In March 2026, South African fintech startup littlefish announced a $9.5 million Series A funding round, marking a significant step in its ambition to become a core infrastructure layer for how African banks serve small businesses. The round was led by Partech, with participation from TLcom Capital, Flourish Ventures, and Proparco, reflecting strong investor confidence in the company’s model and long-term vision. Founded in 2021 and headquartered in Johannesburg, littlefish is not a typical fintech competing directly with banks. Instead, it operates as a merchant operating system, providing the underlying technology that enables financial institutions to better serve small and medium-sized enterprises (SMEs). This approach represents a growing trend in Africa’s fintech ecosystem—building infrastructure for banks rather than trying to replace them.

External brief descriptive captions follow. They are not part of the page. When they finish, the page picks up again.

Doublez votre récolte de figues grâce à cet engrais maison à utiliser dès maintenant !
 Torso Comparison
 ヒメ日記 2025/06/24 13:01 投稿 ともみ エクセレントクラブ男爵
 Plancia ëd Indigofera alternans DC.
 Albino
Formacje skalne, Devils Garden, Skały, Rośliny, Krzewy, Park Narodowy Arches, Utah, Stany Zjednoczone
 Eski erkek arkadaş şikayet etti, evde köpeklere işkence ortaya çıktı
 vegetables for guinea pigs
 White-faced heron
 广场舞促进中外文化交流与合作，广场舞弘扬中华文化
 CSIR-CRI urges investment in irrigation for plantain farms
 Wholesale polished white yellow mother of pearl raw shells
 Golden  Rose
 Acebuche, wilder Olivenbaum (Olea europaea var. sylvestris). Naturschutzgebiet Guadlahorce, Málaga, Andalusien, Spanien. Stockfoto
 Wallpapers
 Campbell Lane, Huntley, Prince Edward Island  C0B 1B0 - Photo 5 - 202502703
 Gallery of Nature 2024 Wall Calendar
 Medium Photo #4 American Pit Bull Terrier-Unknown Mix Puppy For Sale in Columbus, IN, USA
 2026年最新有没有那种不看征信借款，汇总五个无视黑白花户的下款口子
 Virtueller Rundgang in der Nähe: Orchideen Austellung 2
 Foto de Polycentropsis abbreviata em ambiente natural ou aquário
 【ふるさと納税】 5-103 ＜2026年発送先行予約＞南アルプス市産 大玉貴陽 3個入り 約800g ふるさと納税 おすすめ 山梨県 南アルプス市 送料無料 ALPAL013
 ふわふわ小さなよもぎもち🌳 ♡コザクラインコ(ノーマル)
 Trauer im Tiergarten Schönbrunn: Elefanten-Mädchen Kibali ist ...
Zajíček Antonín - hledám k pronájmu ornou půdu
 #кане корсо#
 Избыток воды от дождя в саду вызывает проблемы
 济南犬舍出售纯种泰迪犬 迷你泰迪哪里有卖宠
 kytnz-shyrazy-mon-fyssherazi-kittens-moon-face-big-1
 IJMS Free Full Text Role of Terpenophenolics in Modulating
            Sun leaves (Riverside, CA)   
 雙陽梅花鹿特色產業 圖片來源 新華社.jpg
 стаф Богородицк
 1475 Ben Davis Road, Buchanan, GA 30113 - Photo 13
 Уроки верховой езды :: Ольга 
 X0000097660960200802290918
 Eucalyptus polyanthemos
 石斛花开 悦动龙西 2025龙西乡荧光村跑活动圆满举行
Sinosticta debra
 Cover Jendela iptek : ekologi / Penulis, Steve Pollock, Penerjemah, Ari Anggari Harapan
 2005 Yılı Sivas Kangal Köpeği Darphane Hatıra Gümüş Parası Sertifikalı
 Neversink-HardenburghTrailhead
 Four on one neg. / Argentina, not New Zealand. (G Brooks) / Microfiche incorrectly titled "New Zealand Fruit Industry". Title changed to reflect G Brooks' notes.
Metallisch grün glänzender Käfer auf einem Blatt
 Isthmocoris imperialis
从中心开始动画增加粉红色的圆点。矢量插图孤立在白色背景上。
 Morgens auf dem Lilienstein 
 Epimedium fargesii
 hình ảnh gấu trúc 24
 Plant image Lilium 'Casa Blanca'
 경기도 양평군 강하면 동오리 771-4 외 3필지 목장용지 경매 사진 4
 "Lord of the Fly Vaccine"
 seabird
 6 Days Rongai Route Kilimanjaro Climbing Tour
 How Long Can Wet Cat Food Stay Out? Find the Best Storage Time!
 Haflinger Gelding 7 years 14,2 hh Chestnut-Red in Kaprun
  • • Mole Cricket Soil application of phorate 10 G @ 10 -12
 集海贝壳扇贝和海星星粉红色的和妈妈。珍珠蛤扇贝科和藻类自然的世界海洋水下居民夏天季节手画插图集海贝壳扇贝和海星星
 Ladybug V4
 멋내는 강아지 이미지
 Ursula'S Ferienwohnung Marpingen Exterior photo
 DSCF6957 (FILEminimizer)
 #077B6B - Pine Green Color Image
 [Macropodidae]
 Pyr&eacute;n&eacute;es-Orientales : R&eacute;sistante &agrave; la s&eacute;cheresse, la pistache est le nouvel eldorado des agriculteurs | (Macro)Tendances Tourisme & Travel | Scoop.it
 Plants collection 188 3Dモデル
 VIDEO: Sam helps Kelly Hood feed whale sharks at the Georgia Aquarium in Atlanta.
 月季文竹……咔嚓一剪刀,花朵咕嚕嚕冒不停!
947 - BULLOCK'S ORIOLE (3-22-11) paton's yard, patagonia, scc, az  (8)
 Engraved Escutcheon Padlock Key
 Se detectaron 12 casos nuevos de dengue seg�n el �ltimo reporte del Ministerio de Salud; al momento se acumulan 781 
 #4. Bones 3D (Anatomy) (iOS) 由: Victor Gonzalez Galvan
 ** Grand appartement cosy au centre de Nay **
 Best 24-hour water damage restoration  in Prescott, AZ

At the heart of littlefish’s offering is a unified commerce platform that combines multiple tools into one system. Traditionally, African SMEs rely on fragmented solutions—point-of-sale systems, spreadsheets, separate accounting tools, and banking apps—creating inefficiencies and security risks. littlefish addresses this by integrating POS applications, customer relationship management (CRM) tools, merchant portals, payments, and APIs into a single orchestration layer.
This integrated system allows banks to offer “fintech-grade” services to merchants while maintaining ownership of their customer relationships. In essence, littlefish acts as the connective tissue between financial institutions and businesses, embedding itself directly into core banking systems and payment workflows. The company has already secured partnerships with major Tier 1 banks such as Standard Bank, First National Bank, and Absa, demonstrating both trust and demand for its infrastructure. It has also partnered with Visa, further embedding its technology into global payment networks and strengthening its position within the financial ecosystem.
The newly raised capital will be used to scale operations, accelerate product development, and expand into more than ten African markets, including Kenya, Tanzania, Uganda, Botswana, Zimbabwe, and Zambia. This expansion reflects littlefish’s broader ambition to become a continent-wide platform powering merchant services at scale.
Ultimately, littlefish’s strategy is built on collaboration rather than disruption. By enabling banks instead of competing with them, the company positions itself as a foundational layer in Africa’s financial system—one that could help digitize millions of small businesses and reshape how commerce operates across the continent.